Although the final crit was a bit of a blur, we fortunately had somebody to take notes from the critics. One major point of difference to our design was that it was a parasitic shelter that needed to attach to its surrounding environment as opposed to a stand alone structure. We therefore needed to use a method of connection to enable the shelter to attach. This was in the form of suspension, using guy ropes to pull out or manipulate it in the way we desired. This was a point the critics were interested in. Why was it suspended? There was concern about the overhead rope and the way it was anchored in the middle of the room, it might cause somebody to trip over it…The lower rope on the structure prevented easy access…Was there some way to do it without the suspension element?
But the critics could see the potential in the design in the way that it could be added to so that it grew and expanded.
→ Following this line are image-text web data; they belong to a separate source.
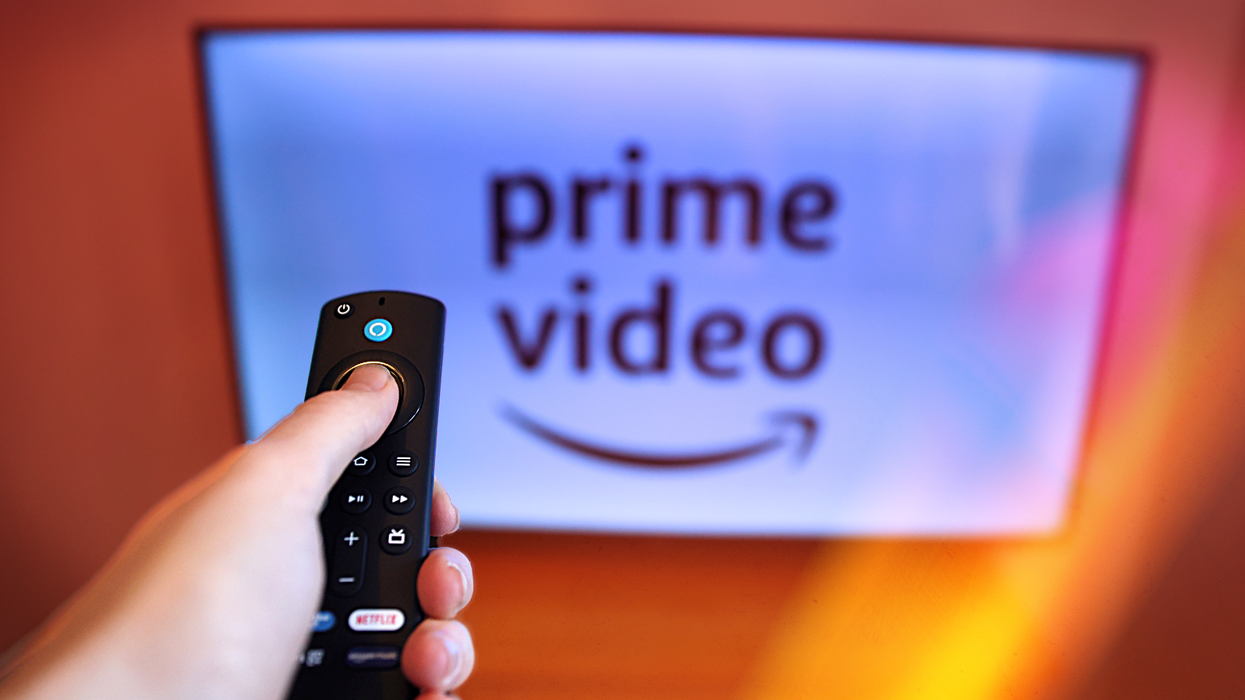 a hand holds a remote control in front of a television with the prime video logo on-screen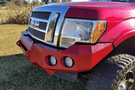 Truck front bumper #15 from Iron Bull gives a 2009-2014 Ford F150 an imposing off-road stance on rough terrain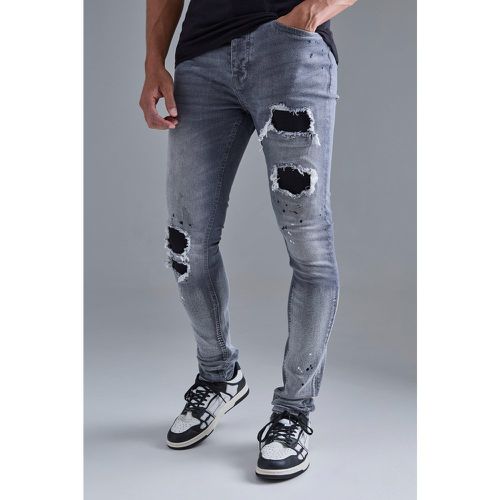 Jeans Super Skinny Fit elasticizzati medio con strappi & rattoppi e pieghe sul fondo - boohoo - Modalova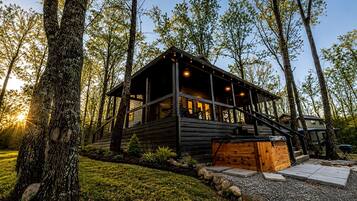 A cabin with a deck, surrounded by trees, and a gravel path leading to the entrance.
We had added the paper template of the module to the package to allow for this possibility, to give the user the opportunity to take material from their own inventory and build on the original. We also acknowledged that if we had the time to look at other materials, it might have been possible to find something with enough structural integrity that it might be able to support itself.
The slightly resistant and challenging nature of the shelter meant that we had to work out quite carefully the optimum way to suspend it to create the effect we wanted. However, we thought that it would be quite possible to suggest a number of ways to suspend it depending on the spatial condition of the user. Despite not much initial success with the experiment with a corner wall, we knew that it could be resolved with more time. We decided to use computer imaging to suggest other possible ways it could be hung.
From left to right, original in situ, a hovering shelter acting more as a roof, set up in the corner, lastly the shelter is inverted to create a larger canopy for a more encompassing feel.